The Patriot Post® · The Rarest Political Comeback: Repentance
Former Boston city councilor Tania Fernandes Anderson is going to prison. Having been convicted on federal corruption charges, she was sentenced last week to a month behind bars and ordered to pay $13,000 in restitution. Yet she remains defiant and aggrieved, lashing out at journalists who have reported on her misconduct. For more than two months after pleading guilty, she clung to her council seat, attending meetings and casting votes as though little had changed.
Her shamelessness is hardly unique. Across the political spectrum, scandal is something to be brazened through, not repented of. Former president Bill Clinton never showed any genuine contrition for the dishonor he brought to the presidency. The current occupant of the White House treats nearly every stain on his record — indictments, impeachments, convictions, even a mob assault on the US Capitol — as a political asset or badge of honor.
Others have been just as impervious to embarrassment.
Andrew Cuomo resigned in disgrace as governor of New York; now he’s running for mayor of New York City as he maneuvers for a comeback. New Jersey’s Bob Menendez, a Democrat, was indicted in 2015 but stayed in the Senate until 2024, long after any official with a sense of honor would have resigned; convicted of bribery, he now sits in federal prison.

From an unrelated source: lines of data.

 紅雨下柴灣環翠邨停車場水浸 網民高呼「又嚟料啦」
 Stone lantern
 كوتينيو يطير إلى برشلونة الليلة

South Carolina’s Mark Sanford, a Republican, was exposed in 2009 in a scandalous extramarital affair during his governorship — yet refused to resign and later won three terms in Congress.
Massachusetts has never lacked for examples of such gall. James Michael Curley, convicted during his mayoral term of wire fraud and bribery, spent five months in federal prison — all the while holding himself out as a martyr with no regrets. Ted Kennedy, whose appalling conduct at Chappaquiddick would have ended most political careers, clung to power, retaining his Senate seat for decades. Bill Bulger, the longtime Massachusetts Senate president, never raised a finger to help bring his violent brother, mobster Whitey Bulger, to justice — and shrugged off public outrage.

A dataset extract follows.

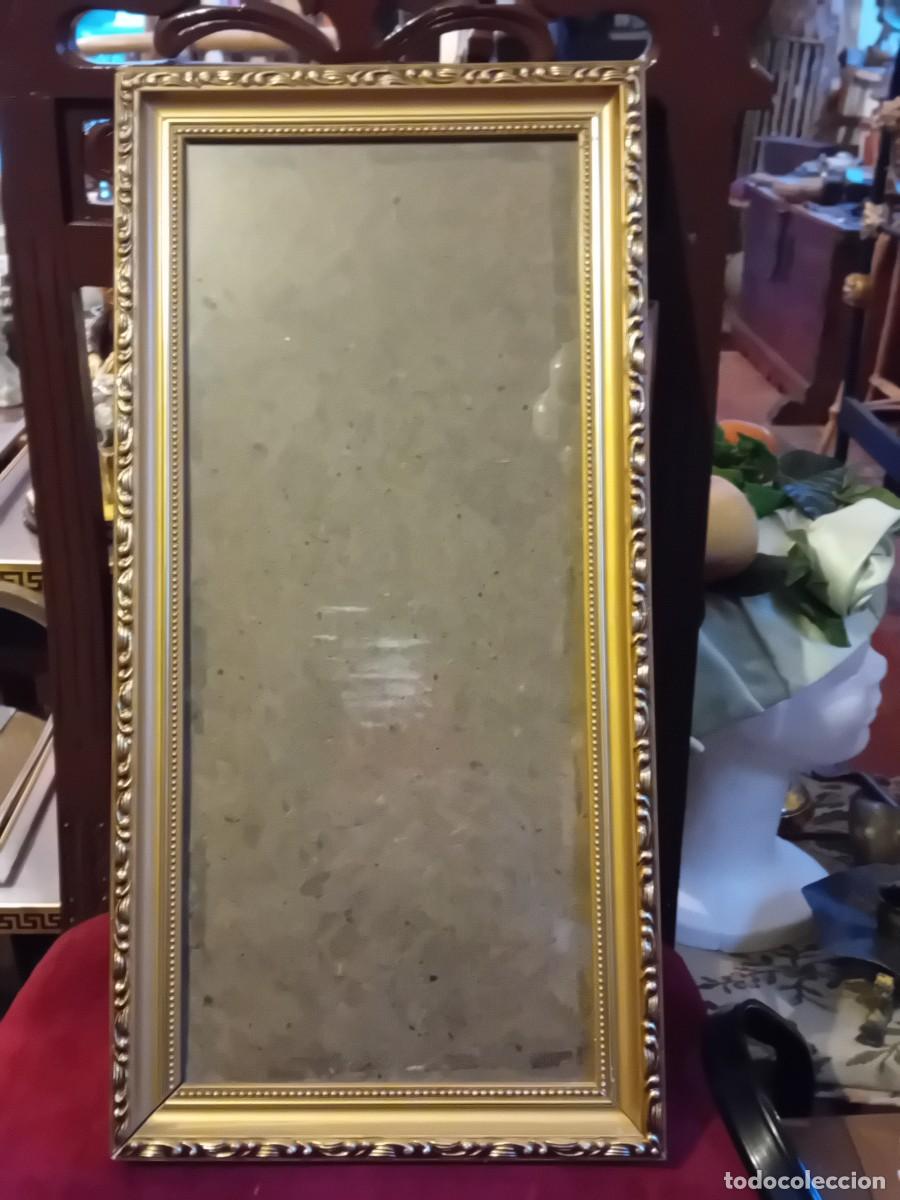 Antig&uuml;edades: Marco dorado con greca en relieve con cristal y trasera d&eacute;cada de los 80. - Foto 1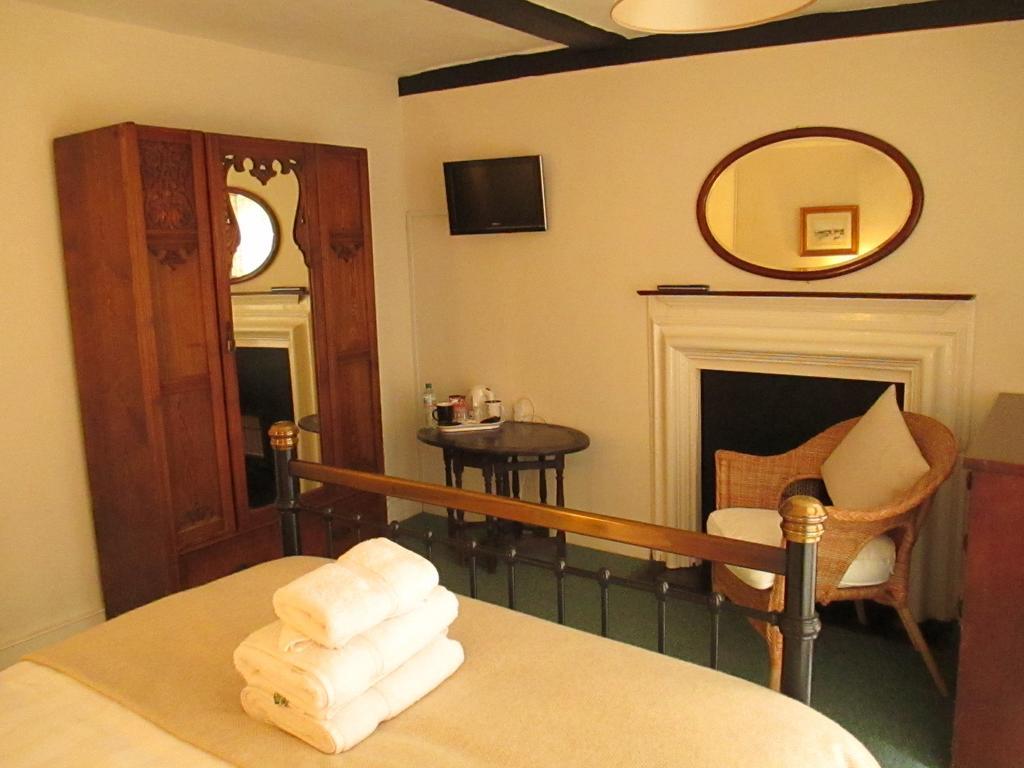 Bed and Breakfast Old Manor House Shepperton Zimmer foto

But not all public figures are so devoid of shame. On infrequent occasions, a political heavyweight chooses a harder, nobler path: accepting blame, showing real remorse, and permanently altering the course of his life. In Jewish tradition, this season is centered on the High Holy Days and the theme of “teshuvah” — repentance, self-scrutiny, and the resolve to change. Repentance is never easy, and for those who live in the glare of public life it may be hardest of all. Which is why the rare examples who meet that standard are so impressive.
One such example was Ulysses S. Grant. As a Union general in December 1862, he issued the antisemitic “General Order No. 11,” expelling all Jews from his military district on the pretext that they were smugglers. The order was quickly countermanded by President Lincoln, but Grant afterward was deeply ashamed of what he had done. He later spoke of the order as his greatest regret and as president went out of his way to demonstrate respect and concern for Jews — becoming the first American president to condemn the persecution of Jews abroad as well as the first to attend a synagogue dedication. All in all, the eight years of Grant’s presidency proved to be a “golden age” in US Jewish history — a remarkable saga of atonement.

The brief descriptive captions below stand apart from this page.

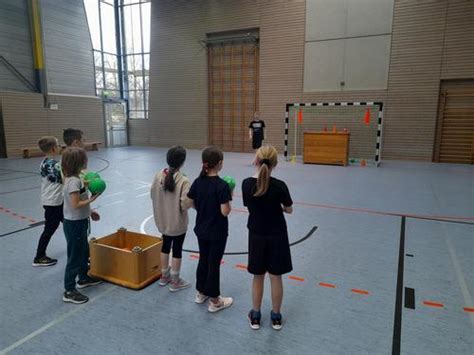 Handball Aktionstage An Der Grundschule Elversberg Spiesen Elversberg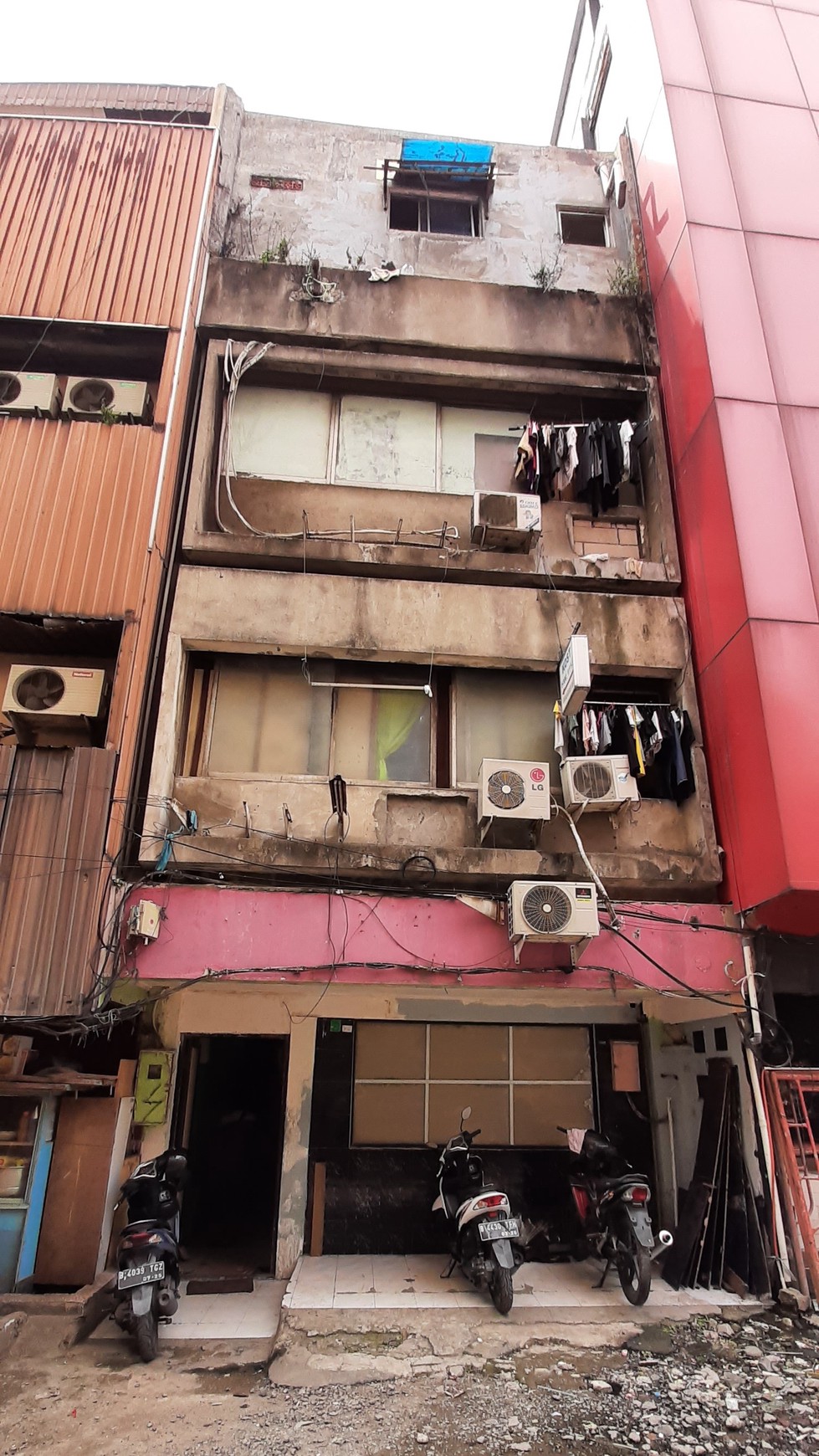 Ruko kost 4 lantai di Hayam Wuruk - 17 kamar kost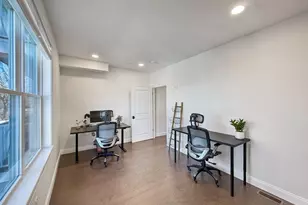 7 E Dexter Ave, Woburn, MA 01801 - Photo 17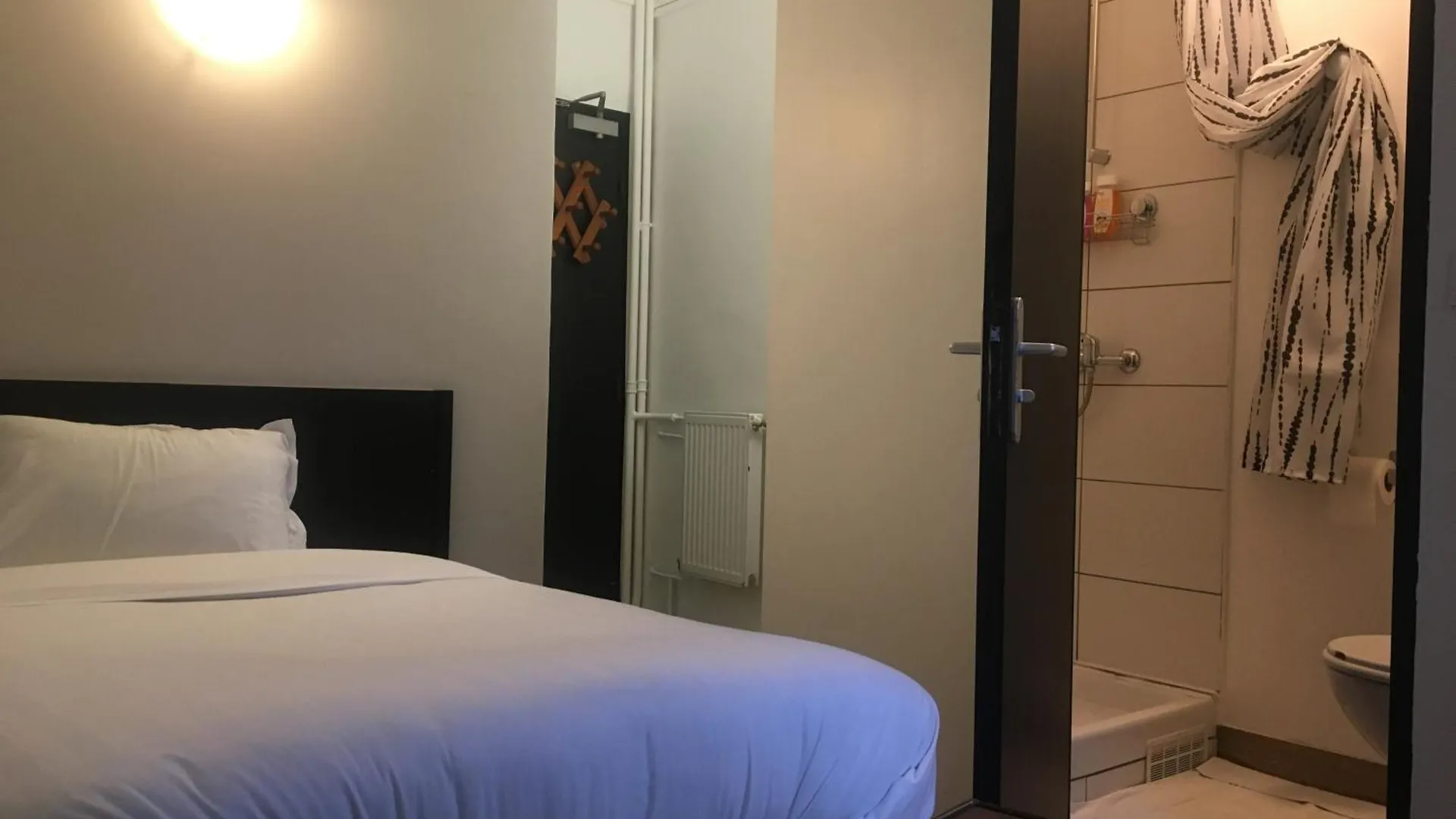Hotel Le Saint Ouen Paris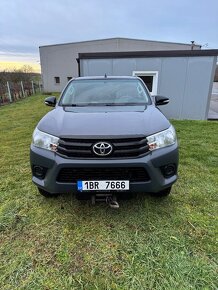 Toyota Hilux 2,4.  110Kw - 2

Very different but no less admirable was the case of Charles Colson, once the ruthless political enforcer in Richard Nixon’s White House. Convicted in Watergate and sent to prison, he could easily have emerged to resume the game of power. Instead, he underwent a religious conversion and spent the rest of his life building one of the nation’s most influential prison ministries. He devoted decades to helping inmates turn their lives around, earning broad respect from people who had once reviled him as a symbol of corruption. Colson’s humiliation was great, but greater by far were his repentance and self-transformation.
Then there was Wilbur Mills, the powerful chairman of the House Ways and Means Committee. In 1974, his career erupted in scandal after police stopped his car and a stripper leapt from the vehicle into the Tidal Basin. Mills could have chosen to stay in Congress. Instead he resigned his chairmanship, acknowledged his alcoholism, and gave up politics. He sought treatment, remade his life, and spent years working to expand access to alcohol recovery programs. What began as humiliation became a catalyst for service and a lasting effort to help others overcome the demons that had so degraded him.
The pattern is uncommon but incredibly impressive when it happens: A disgraced figure responds to scandal not with truculent arrogance but with humbleness and change. As we enter the High Holy Days amid teachings of repentance and renewal, how much healthier our public sphere would be if more fallen leaders chose the path of Grant, Colson, and Mills — the path of contrition, remorse, and true amendment of life.